Bu sorunun cevabını bulmak için aşağıda olabildiğince bir bütünlük içinde yazmaya çalıştığım yazıyı okumanız gerekecek. Okumanız durumunda cevaba ulaşacağınızı ve reaktif enerjiyle ilgili kafada daha somut şeylerin oluşacağını umuyorum. Herkese faydalı olması dileğiyle...buyurun uzunca bir yazı lütfen iredeleyerek okuyun. eksiklerim ve yanlış yorumlarım için yorumlarınızı bekliyorum.
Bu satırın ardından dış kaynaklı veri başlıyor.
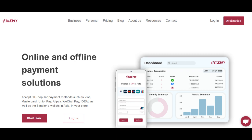SilkPay is a payment platform that aims to simplify transactions for businesses and consumers by offering various payment solutions. One of its primary strengths is its ability to facilitate seamless cross-border transactions, allowing businesses to accept payments from customers worldwide.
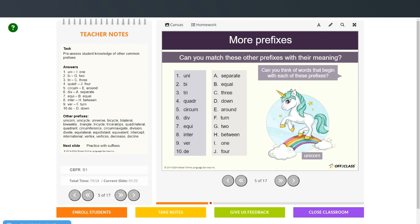Some of the words that go with these prefixes: unicorn, unicycle, universe; bicycle, bilateral, biweekly; triangle, tricycle, triceratops; quadrilateral, quadrant; circumference, circumnavigate; division, divide; equilateral, equidistant, equivalent; intercept, international; vertex, vertices; decrease, and decline. Those are just some examples of words using each of those prefixes.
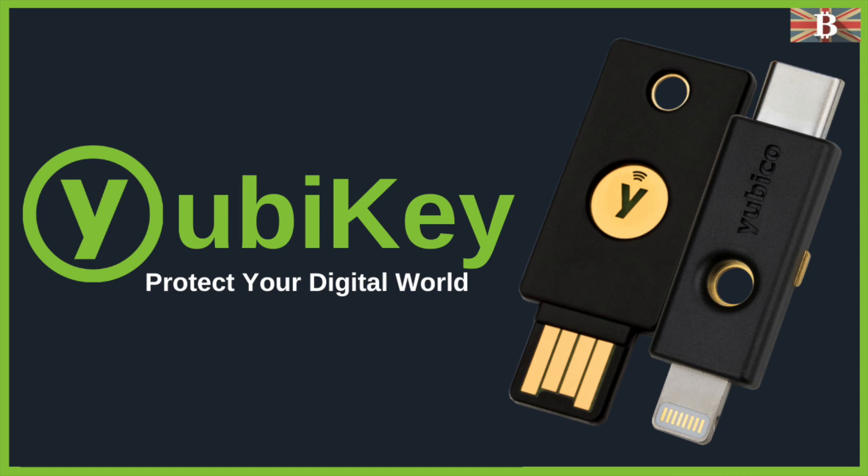In this video I'm going to show you how you can add an extra level of security to your online accounts including Gmail, Blockchain and LastPass with YubiKey.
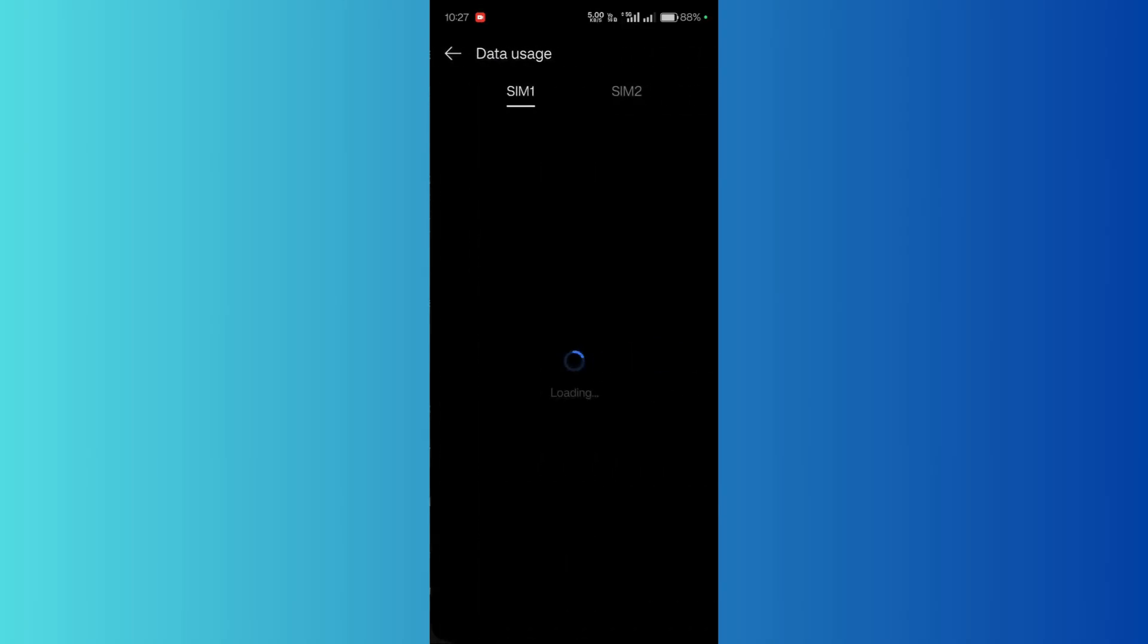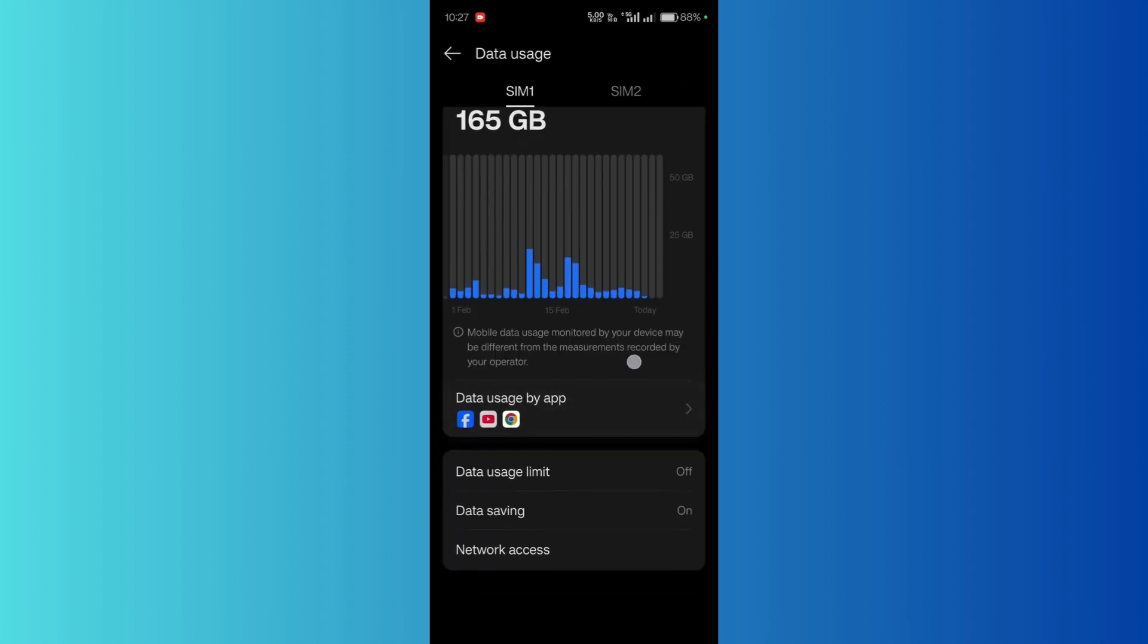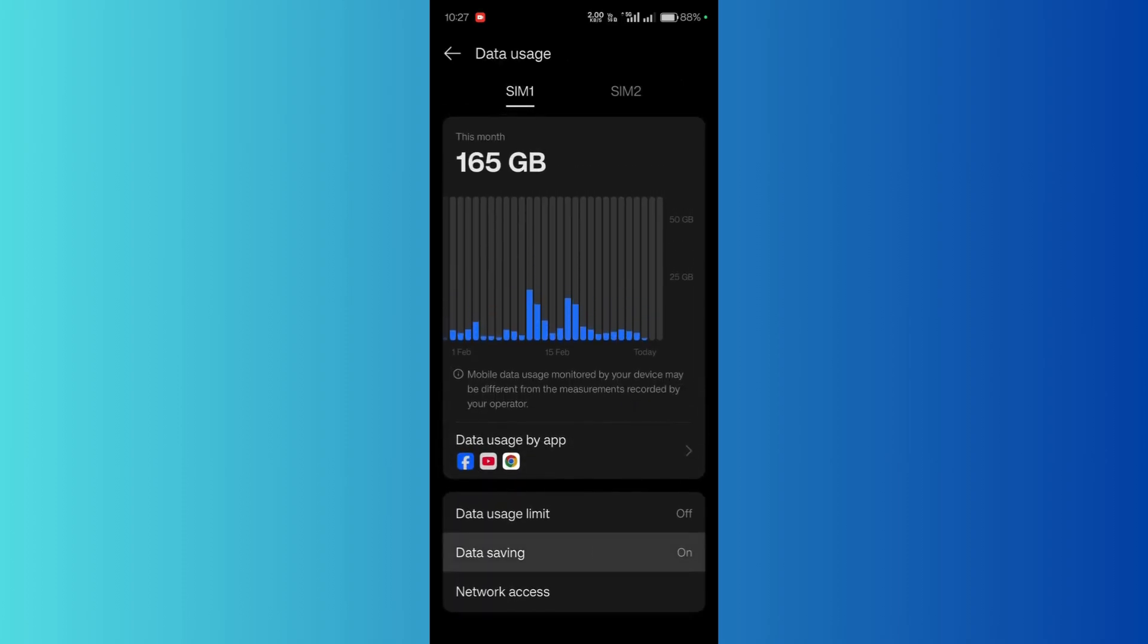Click here, and inside data usage, click on the data saving option. From here, simply disable this toggle.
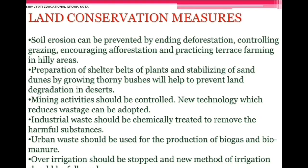Land conservation measures: soil erosion can be prevented by ending deforestation, controlling grazing, encouraging afforestation, and practicing terrace farming in hilly areas. Preparation of shelter belts of plants and stabilizing sand dunes by growing thorny bushes helps prevent land degradation in deserts. Mining activities should be controlled. Industrial waste should be chemically treated to remove harmful substances. Over-irrigation should be stopped and new methods of irrigation should be followed.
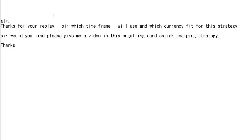Thank you for watching the candlestick trading video. Sir, thanks for your reply. Which timeframe should I use, and which currency is fit for this strategy? I recommend the daily timeframe. You can use this strategy for currencies. Sir, would you mind please giving me a video on this engulfing candlestick scalping strategy?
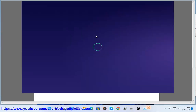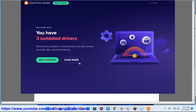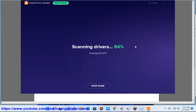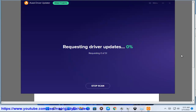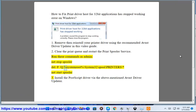2. Clear the print queue and restart the Print Spooler service. Run these commands as administrator: net stop spooler, del /f /q %systemroot%\system32\spool\printers\*, then net start spooler.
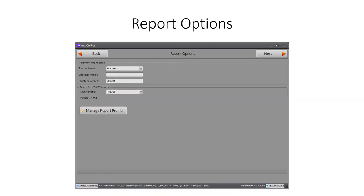This report option screen provides input fields where users can add additional information to the report header, such as scanner name, room location, operator's name, and phantom serial number. In the second section of the screen, the user selects the report profile to be used for the current selected set of CatPhan images. Here also, the user can edit and create new report profiles.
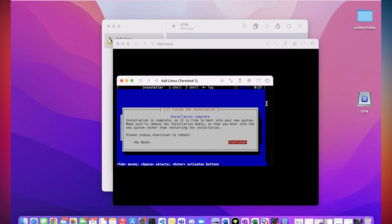Okay, so once the installation is complete, you just hit continue and it will reboot itself.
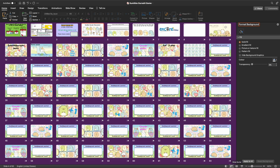Hello and welcome to a new PPT bomb game. This is the Summiku-ga-Rushi PPT game. So let's get straight into it.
Reaktif güç/enerji nedir ve reaktif gücün/enerjinin azaltılması enerji tasarrufu sağlar mı?

Elektrikte enerji 2 çeşittir. Birincisi aktif enerji olup bu enerji işimize yarayan enerjidir. Aktif enerji dediğimiz şey lambanın ışık vermesi, rezistansın ısıtması, motorun dönmesi v.s dir. (Elektrik enerjisi gözle görülebildiğimiz bir form değişikliğine uğramaktadır). İkincisi reaktif enerji olup ortaya bir işin çıkmadığı enerjidir. Reaktif enerji endüktif ve kapasitif olmak üzere iki çeşittir. Peki, reaktif enerji dediğimiz şey nedir?

Bobin ve kondansatör özellikli cihazlar, alternatif akım kaynağına bağlandığında, gücüne bağlı olarak kaynakla bir enerji alış-verişinde bulunurlar. Bu alışveriş sonucunda ortaya çıkan bir iş yoktur. İşten kastım şudur. Mesela saf bir bobin AA devresine bağlandığında, işimize yarayan(aydınlatma, ısıtma, hareket gibi) bir etki oluşturmaz. Aynı şekilde saf bir kondansatör AA devresine bağlandığında, kondansatörün bizim için yaptığı bir iş(aydınlatma, ısıtma, hareket) yoktur. Yani saf bir bobin ve kondansatör faydalanacağımız(gözle gördüğümüz) bir güç/enerji ortaya çıkarmaz. Bu durumda elektrik devresinde meydana gelen şey nedir?

Geçici rejimden sonra, Bobin; alternatif akımın pozitif alternansının ilk yarısında(bir tam periyodun 1/4’lük zamanında,) depoladığı enerjiyi şebekeye verir, pozitif alternansın ikinci yarısında ise şebekeden çektiği enerjiyi depolar. Aynı durum negatif alternansta da gerçekleşir. Yani bir tam periyot boyunca bobin, 2 defa enerji depolar ve 2 defa depoladığı enerjiyi kaynağa geri yollar. Enerjili olduğu sürece bu alış-veriş devam eder.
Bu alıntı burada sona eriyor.